Aspen's Little Red Ski Haus Is Up for $11.8 Million After a Quick Flip
In its 128-year history, the Little Red Ski Haus in downtown Aspen, Colo., has been many things to many people: (allegedly) a brothel during Aspen’s days as mining town, a boarding house, a dormitory-style inn for budget ski travelers, and more recently, the site of a protracted legal dispute among Chicago developers who wanted to turn it into a fractional-ownership scheme. That plan fizzled, the bank repossessed, and then in 2014 it was purchased for $5.1 million by one Jaime Rubinson, a self described “jack of all trades.” (The trades, in this instance, include attorney, real estate broker, real estate investor, and Miami nightclub developer.)

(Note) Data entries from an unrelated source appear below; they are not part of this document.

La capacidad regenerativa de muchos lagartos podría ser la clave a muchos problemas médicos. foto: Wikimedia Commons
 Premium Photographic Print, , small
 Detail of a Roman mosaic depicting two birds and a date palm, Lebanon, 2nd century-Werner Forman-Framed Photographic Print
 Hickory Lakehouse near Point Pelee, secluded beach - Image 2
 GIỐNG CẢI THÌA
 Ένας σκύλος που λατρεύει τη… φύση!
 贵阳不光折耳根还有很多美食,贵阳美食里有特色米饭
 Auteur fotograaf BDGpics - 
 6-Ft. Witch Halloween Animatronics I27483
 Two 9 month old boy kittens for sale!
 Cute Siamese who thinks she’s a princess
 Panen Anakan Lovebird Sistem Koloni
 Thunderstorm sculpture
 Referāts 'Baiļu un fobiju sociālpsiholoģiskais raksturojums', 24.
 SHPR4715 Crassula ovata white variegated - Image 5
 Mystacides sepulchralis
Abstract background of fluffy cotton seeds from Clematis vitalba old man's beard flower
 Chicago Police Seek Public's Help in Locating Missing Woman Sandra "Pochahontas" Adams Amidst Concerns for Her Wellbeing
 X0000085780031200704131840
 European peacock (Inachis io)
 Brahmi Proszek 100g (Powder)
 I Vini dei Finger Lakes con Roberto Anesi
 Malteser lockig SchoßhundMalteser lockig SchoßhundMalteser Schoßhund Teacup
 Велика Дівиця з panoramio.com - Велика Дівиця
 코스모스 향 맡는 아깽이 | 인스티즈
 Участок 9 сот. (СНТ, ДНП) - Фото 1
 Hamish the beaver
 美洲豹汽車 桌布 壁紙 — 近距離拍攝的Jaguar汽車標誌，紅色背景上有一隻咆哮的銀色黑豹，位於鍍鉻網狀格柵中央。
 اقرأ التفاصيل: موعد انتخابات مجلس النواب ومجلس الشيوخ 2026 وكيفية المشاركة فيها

Two years later, Rubinson has returned the house to the market, this time listing it for for $11.8 million.
Rubinson said she’s completely revamped the house. “We went through it top to bottom,” she said. “It looked like a Hampton Inn-level accommodation with some antiques sprinkled in, and what we did was transform it into a chic mixture of colored glass, chandeliers, and chrome.”
Rubinson configured it so that the house, which measures a hefty 6,677 square feet, can double as a bed and breakfast or as a private home for friends and family. It has 14 bedrooms, 10 of which have en suite bathrooms, (there are 13-and-a-half baths in the house in total), a dining room with a table that seats 24, and a 25-foot-long bar. The house comes with a full gym, hot tub, three areas for entertaining, and a mudroom with what Rubinson said is enough space for 24 people to store skis and boots.
The house is located in the center of town. “You walk a block and you have your favorite kale salad, you walk another block and you’re at the mountain,” Rubinson said. “It’s one of those places that you can leave your door unlocked, not that we actually do.” From the front porch, Aspen, Smuggler, and Red Mountain ski resorts are all visible.
Rubinson is selling the property because “I’ve achieved what I intended to do,” she said. “I wanted to renovate it and make someone appreciate it the way I thought it should be appreciated, and I did.”
The house is listed by Melanie Muss of Douglas Elliman Real Estate.